Tuesday, October 13, 2009

So?

So there was this girl.
She lived in a house that smelled of steamed fish and ginger
Laundry hung from ceilings and lines
Sounds of house shoes flopping against the floors
And her life was so-so.

She found on the other side of her door was a world
Filled with sirens, lights, and laughter
A place called Food and Liquor, and other places called Food and Liquor
And flaming hots, and flaming hots with cheese
And all of the sudden, her life seemed better than so-so.
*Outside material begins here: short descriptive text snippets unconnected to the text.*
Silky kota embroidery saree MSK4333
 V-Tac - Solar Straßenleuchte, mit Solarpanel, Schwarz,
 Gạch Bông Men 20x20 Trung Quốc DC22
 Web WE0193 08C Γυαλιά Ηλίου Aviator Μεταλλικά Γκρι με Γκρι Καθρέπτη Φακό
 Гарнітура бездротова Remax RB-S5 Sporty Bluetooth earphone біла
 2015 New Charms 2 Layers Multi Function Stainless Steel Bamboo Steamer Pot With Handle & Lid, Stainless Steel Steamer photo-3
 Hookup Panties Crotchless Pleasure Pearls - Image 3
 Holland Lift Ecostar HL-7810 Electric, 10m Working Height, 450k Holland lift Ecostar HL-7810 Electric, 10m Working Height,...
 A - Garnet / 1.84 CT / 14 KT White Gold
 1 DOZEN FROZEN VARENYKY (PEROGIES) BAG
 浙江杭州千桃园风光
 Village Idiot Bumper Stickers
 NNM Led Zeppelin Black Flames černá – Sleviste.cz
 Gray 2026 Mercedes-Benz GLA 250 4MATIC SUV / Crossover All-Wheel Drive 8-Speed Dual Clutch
Then there was a pivot, a pivot so wide, lives changed
And it began with a voice and a boombox.
Common Sense resonated about how he used to love H.E.R
And I wanted to love H.E.R.
I heard H.E.R voice...hip hop...
So this became her sound, her voice.

But her new voice was not welcomed on her side of the door
Gum cho ga! as her mother scowled at her
So? She thought loudly back in the new tongue she adopted
Mixtapes lived in her room, record buttons worn out
Without realizing her native tongue was being forgotten
So she embraced this new home and this new sound outside her so-so life.

Then a boy spoke to her, spoke to her in ways she learned to love
And they drove around a Chi-City, vibrating with sounds
Sounds that made these two sides look at each other
They looked at each other and this boy
He got her sosososososo...

Her mother scowled at her because those two sides
Did not belong because my sound was not his sound
My reflection was not his reflection and
He was only a so-so boy with nothing for her but a so-so life
This girl was knocked down... and she felt like nothing more than a so-so girl

As life walked by, and while the frames changed
The boy continued to wait for his girl
Who became a strong woman with a sound that still called out to him
Even though the world couldn't see their melody
This man was all this woman needed to see she was more than just so-so.


Suppression.

It turns out I cannot hide who I am.

Every morning, I spend at least one hour every morning trying to figure out what I want to wear today, what my hair should look like, how I should apply my makeup...
Today, I stepped out of my apartment. Walked ten steps all while looking at my shoes, stopped, turned around, and said, no, fuck, shit. I went inside to change my shoes because my pansy purple flats did not please me. I now had 10 minutes to make it to class.

Some people may call it vain; but for the sake of my pride, we'll say it's not. I know I'm going down the road of trying to "find myself." I hate how cliche that sounds. I'm trying to discover parts of myself, who the inner me is most comfortable being. So I try on different outfits in the morning. So I change my hair every week. So I need variety in my life. So I can choose.

I was told once I was too sensitive. And today, talking about social issues, I found myself tearing up, feeling bitter and angry. I started to cry in front of my boss. I realized when I went to Hong Kong, I put on another outfit, an outfit which caused me to not say how I feel for the safety and ignorance of my conservative family.

Being in St. Louis has been wonderful in the sense that I meet people who will challenge my viewpoints. If I had went to any other school I was considering, I would be in classrooms with the majority of the people thinking the same way and asking the same questions as me. I've definitely grown and learned more than I ever could because I'm in Missouri.

At the same time, I have never felt so stifled as I do right now. I feel like I censor myself more, suppress my thoughts and questions more. So I need to change my outfit. I found myself frustrated and furious last night screaming at Charles about the people's lack of passion and harmony. How people hold their pride close to their chest, afraid that if they venture out, that maybe they will lose something.

So this outfit isn't working for me. It's making me cry and scream. My boss said that I clearly needed an outlet. And that only made me want to cry more. It's funny...I spent my entire life wondering what it was I was passionate about. When I finally found it, I was convinced by other people that it as useless. It's time for me to pick it up again.